En su etapa de formación, Picasso copia a los grandes maestros: tuvo incluso la intención de vivir en Madrid para poder visitar con frecuencia el Museo del Prado, cuando estaba interesado sobre todo por El Greco, con apenas tenía dieciocho años. Recién llegado a Barcelona, con su familia, también le atrajo la moda del japonismo, que hacía furor entonces: el detalle de la pequeña japonesa dibujada en un croquis que se conserva en el Museu Picasso de Barcelona muestra el interés que le despertaba Hokusai y el arte japonés, como se ve también en Mujer y pulpo, de 1903, con el animal acariciando el sexo femenino.
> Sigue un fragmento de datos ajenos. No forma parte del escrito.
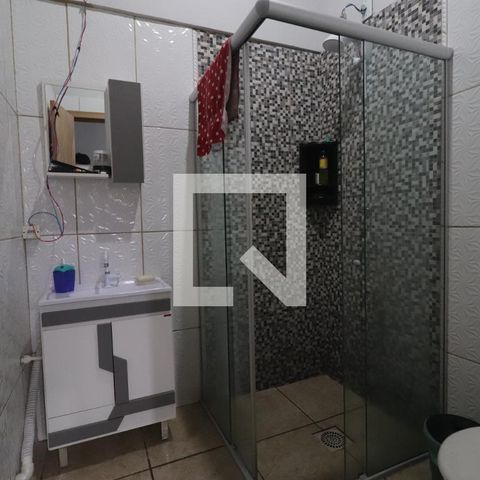Casa à venda com 370m², 3 quartos e 1 vagaBanheiro 2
Esa inclinación llegó lejos: incluso la célebre actriz japonesa Sada Yako le encargó un cartel, como documentaba, entre otros hallazgos, la exposición del Museu Picasso barcelonés, Imágenes secretas. Picasso y la estampa erótica japonesa, y le llevaría después a coleccionar los grabados shunga, tan peculiares y explícitos. En sus años de aprendizaje hace estudios como el de la Venus de Milo, de 1895-96. Después, continuará teniendo en la retina los kuros griegos, la estatuaria de Grecia y Roma, los frescos de Pompeya, Ingres, el barroco; y tendrá presentes los desnudos, las Gracias, las bañistas, mujeres de toda condición; El Greco, Gauguin, Puvis de Chavannes, Cézanne, Renoir. Su curiosidad es inagotable.

El Saint Martin et le Mendiant, de El Greco, confrontado con Muchacho conduciendo un caballo, de Picasso, de 1905-06, dialoga en un silencio incierto y, al tiempo, deslumbrante. El pintor vivía entonces en el Bateau-Lavoir, en una etapa de estrecheces y miseria, también de camaradería y felicidad, hasta que se traslada al boulevard de Clichy, en 1909. Otros dos autorretratos de 1901, pintados por Picasso, merecen atención; en uno, está con camisa blanca y chalina; en el otro, lo vemos mirando de frente, oscuro, joven, infatigable. Esas pinturas están relacionadas con el cuadro de Rembrandt, Rembrandt au chevalet, de 1660, y con el lienzo de Gauguin, Portrait de Gauguin à la palette, de 1893-94. El Autorretrato de Goya, de 1783, gordo, mirando en escorzo, habla con el de Picasso, Autoportrait à la palette, de 1906, donde lo vemos con camisa blanca, mostrando esos ojos que anuncian ya los de Las señoritas de Avinyó. Y el cuadro de Cézanne, Retrato del artista, de 1873-76, barbudo, desgreñado, con mirada inquisitiva, en quien se habría inspirado el pintor español, con Las grandes bañistas, para realizar la célebre pintura de las prostitutas de la calle Avinyó. Y, también, con el Retrato del artista, de Poussin, atildado, con un gesto femenino, y ataviado con una prenda sobre los hombros: un pintor que influyó sobre David y Cézanne, y cuya traza llegó también a Picasso.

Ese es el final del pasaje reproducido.